In a press release issued today to mark the end of its five-day fact-finding visit to Amman, Jordan, the UN Special Committee to investigate Israeli practices affecting the human rights of the Palestinian people and other Arabs of the occupied territories, said that a series of meetings with civil society groups and Palestinian officials had revealed that the “root cause” of the escalating violence in the Territories is “the continuing policy of settlement expansion and the climate of impunity relating to the activities of the settlers.”
Indeed, over the past weeks, tensions in the Territories between Israeli settlers and Palestinians have been further enflamed following a series of deadly incidents between the two groups. Most recently, in the village of Duma, an 18-month-old Palestinian baby died following the fire-bombing of the house by Israeli settlers. The father of the baby, who had sustained serious injuries in the attack, subsequently died on 8 August.
In addition to the violence, the Committee – represented by Amrith Rohan Perera, Permanent Representative of Sri Lanka to the UN in New York; Ramlan bin Ibrahim, Permanent Representative of Malaysia to the UN in New York; and Aboubacar Sadikh Barry, Minister Counselor, Permanent Mission of Senegal to the UN in Geneva – was also briefed “extensively” on what it described as “increasing human rights violations” on women and children through the repeated use of night raids and police dogs by Israeli authorities. The UN experts were told that many women were subjected to “humiliating treatment in the presence of their families” during these operations.
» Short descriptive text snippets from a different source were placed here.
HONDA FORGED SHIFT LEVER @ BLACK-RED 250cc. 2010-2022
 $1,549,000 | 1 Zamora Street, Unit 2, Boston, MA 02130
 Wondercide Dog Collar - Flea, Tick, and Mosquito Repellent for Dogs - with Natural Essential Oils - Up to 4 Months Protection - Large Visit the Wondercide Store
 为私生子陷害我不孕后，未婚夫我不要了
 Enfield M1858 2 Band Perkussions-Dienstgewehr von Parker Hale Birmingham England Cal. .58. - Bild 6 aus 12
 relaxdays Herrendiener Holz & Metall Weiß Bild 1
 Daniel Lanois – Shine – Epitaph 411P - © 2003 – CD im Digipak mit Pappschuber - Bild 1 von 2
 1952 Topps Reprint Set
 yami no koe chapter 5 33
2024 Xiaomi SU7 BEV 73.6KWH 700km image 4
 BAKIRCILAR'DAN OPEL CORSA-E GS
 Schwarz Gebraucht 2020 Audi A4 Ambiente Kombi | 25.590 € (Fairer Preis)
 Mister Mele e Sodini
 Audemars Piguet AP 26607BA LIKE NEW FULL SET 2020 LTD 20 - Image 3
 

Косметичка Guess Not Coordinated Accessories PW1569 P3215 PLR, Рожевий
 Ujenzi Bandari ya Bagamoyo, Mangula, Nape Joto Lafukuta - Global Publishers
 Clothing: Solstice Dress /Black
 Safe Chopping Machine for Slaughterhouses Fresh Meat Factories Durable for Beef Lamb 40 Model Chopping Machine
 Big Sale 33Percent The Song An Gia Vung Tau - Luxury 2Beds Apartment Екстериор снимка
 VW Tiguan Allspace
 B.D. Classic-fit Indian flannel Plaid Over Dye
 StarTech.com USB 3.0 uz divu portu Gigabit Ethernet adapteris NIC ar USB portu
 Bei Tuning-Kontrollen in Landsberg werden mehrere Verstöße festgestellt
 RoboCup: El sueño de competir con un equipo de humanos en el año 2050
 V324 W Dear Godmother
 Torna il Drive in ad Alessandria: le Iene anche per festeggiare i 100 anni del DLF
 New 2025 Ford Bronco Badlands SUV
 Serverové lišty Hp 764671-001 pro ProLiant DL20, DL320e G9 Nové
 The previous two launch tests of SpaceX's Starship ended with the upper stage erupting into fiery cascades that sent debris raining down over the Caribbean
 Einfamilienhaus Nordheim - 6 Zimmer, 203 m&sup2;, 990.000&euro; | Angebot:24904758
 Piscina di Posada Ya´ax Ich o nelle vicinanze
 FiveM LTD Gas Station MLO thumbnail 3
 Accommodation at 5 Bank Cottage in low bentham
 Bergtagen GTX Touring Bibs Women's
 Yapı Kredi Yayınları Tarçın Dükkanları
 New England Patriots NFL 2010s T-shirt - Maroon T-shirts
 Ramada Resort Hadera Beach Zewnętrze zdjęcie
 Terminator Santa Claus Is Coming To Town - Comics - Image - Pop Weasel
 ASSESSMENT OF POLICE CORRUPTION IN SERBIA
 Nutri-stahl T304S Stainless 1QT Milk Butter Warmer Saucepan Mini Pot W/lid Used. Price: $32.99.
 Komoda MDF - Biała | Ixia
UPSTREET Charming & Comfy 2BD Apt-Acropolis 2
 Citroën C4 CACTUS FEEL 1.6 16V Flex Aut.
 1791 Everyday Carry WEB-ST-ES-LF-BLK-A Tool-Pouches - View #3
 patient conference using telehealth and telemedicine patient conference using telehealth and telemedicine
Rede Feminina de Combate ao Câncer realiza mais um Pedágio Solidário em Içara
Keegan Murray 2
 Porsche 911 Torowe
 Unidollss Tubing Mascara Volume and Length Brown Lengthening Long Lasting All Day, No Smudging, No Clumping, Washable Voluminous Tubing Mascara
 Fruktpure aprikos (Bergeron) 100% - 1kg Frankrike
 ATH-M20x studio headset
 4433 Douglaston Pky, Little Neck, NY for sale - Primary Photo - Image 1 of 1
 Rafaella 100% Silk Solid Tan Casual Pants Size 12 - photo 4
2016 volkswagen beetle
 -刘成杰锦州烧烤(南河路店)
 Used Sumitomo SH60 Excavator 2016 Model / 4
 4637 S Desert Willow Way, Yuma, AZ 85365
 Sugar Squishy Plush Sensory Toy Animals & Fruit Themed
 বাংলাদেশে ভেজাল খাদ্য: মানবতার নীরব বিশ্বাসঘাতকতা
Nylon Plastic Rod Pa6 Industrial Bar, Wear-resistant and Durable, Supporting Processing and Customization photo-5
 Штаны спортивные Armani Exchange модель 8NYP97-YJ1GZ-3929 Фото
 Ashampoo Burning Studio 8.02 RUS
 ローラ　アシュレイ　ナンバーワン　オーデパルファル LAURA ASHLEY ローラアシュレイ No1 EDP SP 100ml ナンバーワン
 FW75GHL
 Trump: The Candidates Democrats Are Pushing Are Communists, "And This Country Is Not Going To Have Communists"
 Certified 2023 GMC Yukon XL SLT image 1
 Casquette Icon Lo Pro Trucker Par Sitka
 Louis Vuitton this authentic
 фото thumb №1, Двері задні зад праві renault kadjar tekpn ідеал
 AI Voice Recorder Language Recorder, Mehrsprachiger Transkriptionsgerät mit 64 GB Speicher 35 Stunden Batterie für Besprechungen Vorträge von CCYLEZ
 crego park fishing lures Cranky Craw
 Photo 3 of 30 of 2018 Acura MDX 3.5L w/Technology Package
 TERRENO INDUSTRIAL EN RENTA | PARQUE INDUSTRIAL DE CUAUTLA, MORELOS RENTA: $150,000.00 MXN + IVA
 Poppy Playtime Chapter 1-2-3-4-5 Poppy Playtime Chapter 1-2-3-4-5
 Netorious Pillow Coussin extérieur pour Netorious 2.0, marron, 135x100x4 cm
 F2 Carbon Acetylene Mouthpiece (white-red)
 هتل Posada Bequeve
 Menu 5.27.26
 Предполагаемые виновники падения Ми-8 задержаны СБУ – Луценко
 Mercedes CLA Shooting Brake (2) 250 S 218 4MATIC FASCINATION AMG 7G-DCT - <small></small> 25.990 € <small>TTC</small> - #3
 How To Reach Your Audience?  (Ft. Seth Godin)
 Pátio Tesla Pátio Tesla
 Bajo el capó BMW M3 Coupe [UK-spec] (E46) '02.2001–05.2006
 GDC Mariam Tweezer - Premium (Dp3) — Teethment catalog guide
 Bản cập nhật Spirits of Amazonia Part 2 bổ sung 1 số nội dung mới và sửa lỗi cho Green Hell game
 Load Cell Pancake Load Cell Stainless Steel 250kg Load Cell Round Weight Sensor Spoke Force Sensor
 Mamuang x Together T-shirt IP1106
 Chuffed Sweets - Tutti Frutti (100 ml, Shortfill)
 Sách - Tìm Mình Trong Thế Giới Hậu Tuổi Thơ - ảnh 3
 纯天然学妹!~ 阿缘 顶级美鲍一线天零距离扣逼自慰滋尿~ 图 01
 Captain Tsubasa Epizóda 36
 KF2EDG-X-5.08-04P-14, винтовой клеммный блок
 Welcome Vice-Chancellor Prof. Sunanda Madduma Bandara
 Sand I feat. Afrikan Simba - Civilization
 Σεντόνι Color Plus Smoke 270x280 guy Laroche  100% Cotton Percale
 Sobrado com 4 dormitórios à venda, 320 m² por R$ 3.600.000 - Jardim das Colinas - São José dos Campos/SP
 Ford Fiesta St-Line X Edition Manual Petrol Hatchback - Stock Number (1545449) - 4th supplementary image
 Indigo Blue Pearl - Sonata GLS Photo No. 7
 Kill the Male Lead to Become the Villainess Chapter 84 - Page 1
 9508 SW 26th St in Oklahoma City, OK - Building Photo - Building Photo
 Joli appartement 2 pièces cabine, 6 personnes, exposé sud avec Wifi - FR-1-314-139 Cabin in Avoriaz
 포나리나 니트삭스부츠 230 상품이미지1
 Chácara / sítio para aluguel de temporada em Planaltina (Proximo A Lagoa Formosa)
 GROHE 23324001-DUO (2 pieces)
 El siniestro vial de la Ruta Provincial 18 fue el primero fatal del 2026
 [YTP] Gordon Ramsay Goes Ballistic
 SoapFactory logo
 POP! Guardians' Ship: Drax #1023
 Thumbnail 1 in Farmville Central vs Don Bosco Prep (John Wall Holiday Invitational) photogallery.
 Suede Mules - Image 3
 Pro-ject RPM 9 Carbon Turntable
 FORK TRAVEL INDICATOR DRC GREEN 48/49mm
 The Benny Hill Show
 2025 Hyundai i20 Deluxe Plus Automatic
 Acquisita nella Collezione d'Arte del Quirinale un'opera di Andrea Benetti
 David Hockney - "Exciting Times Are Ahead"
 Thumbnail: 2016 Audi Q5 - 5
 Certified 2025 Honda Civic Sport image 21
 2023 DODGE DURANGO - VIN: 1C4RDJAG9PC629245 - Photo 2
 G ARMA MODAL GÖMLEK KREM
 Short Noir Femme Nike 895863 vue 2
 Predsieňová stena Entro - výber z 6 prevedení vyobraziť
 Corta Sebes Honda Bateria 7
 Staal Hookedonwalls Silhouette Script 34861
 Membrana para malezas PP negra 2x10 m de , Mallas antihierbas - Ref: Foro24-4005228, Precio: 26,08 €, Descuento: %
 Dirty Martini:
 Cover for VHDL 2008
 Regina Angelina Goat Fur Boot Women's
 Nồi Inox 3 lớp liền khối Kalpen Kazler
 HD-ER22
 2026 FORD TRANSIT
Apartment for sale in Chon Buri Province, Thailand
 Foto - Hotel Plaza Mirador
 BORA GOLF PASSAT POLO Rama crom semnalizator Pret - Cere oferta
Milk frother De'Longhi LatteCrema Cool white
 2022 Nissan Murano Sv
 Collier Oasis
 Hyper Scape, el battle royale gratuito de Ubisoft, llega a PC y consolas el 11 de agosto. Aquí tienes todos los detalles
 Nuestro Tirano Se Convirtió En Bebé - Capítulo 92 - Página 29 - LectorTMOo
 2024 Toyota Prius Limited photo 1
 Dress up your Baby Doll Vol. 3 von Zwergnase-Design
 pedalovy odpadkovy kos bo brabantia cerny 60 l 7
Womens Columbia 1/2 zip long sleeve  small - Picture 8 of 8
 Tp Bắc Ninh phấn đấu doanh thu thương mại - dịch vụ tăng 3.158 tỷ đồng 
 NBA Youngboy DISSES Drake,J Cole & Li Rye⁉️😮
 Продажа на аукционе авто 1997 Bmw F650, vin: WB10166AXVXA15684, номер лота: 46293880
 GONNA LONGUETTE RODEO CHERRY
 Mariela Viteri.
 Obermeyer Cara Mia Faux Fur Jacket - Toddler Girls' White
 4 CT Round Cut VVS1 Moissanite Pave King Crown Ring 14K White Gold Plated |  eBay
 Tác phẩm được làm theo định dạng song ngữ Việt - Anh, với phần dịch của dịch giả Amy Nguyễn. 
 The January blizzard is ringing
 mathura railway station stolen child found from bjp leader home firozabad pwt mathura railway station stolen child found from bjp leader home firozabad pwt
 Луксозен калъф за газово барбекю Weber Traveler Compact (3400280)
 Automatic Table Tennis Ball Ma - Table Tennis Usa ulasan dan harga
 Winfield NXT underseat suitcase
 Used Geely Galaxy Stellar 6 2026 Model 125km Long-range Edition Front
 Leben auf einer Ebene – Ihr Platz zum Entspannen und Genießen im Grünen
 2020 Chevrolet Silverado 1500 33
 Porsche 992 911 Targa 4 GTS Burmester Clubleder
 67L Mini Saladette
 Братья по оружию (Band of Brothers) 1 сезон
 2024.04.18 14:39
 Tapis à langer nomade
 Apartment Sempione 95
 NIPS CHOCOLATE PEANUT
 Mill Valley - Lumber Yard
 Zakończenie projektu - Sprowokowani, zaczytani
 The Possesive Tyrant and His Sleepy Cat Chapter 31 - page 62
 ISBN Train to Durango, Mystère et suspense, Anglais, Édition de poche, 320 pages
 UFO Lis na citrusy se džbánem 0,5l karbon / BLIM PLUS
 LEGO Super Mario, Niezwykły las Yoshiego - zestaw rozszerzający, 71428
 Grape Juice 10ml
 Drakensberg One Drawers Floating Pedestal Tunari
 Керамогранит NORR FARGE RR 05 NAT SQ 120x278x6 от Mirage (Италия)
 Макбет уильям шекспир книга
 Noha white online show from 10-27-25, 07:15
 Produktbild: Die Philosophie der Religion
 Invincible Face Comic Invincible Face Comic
The situation regarding the pace of reconstruction in the Gaza Strip was also brought to the UN Committee's attention by civil society representatives who lamented the slow pace of developments following the destruction of the enclave during last summer's war.
In fact, after more than a year, not a single housing unit completely destroyed during the conflict, last summer, has been fully reconstructed. According to the UN, some 100,000 people remain internally displaced as a result of the widespread structural devastation across the Strip and continue to be hosted in temporary accommodation or in make-shift shelters. Close to a 120,000 people are still waiting to be reconnected to the city water supply. Work has yet to begin on a number of key health facilities.
At the same time, the experts addressed the persistent funding shortfall affecting the UN Relief and Works Agency for Palestine Refugees (UNRWA) which is currently facing its most severe financial crisis ever. UNRWA is funded almost entirely by voluntary contributions, and financial support has not kept pace with an increased demand for services caused by growing numbers of registered refugees and deepening poverty.
The Committee said it shared the view that unless UNRWA is sufficiently funded, its role in the Occupied Territories would be “seriously undermined,” and urged the international community to ensure timely and adequate funding to sustain UNRWA activities.
As things currently stand, UNRWA has enough money to maintain its services essential to protect public health which include immunizations for children, primary health care, relief and sanitation and some emergency programmes through to the end of 2015, but the funding is insufficient to guarantee the stable provision of its education services from September onwards.